Listed entries:

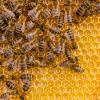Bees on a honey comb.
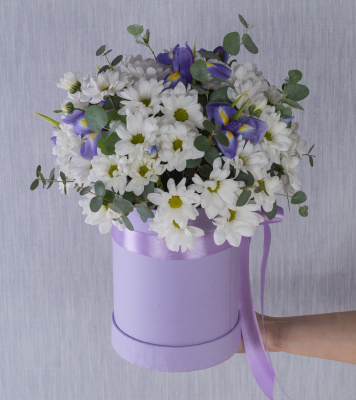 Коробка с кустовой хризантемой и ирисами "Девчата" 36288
---
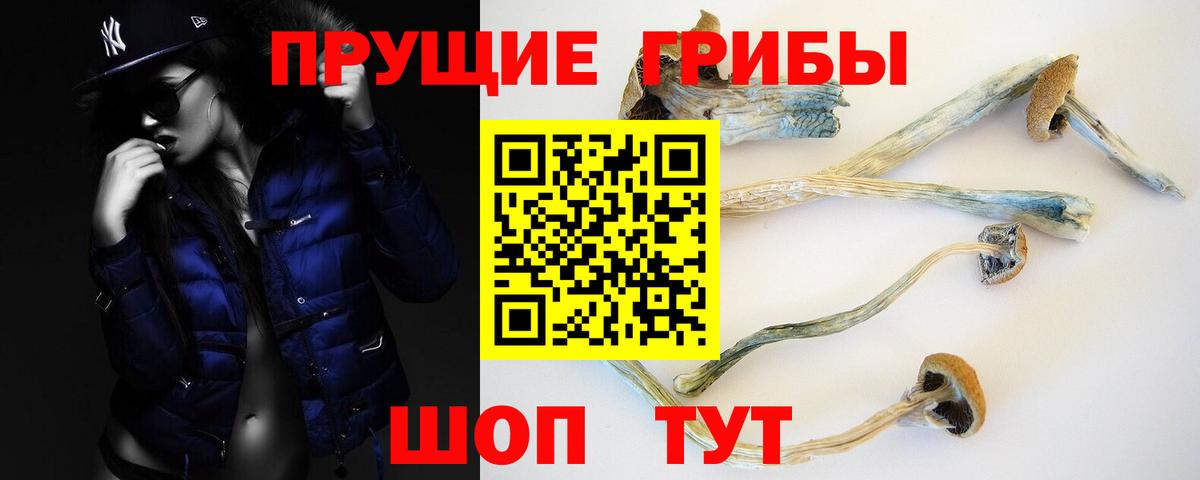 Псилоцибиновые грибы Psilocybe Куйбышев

Work instruction:
Copy exactly the material above from the line with "Bees on a honey comb." to the line with "Коробка с кустовой", ends included, and nothing else. Leave out any picture.

The answer:
Bees on a honey comb.
 Коробка с кустовой хризантемой и ирисами "Девчата" 36288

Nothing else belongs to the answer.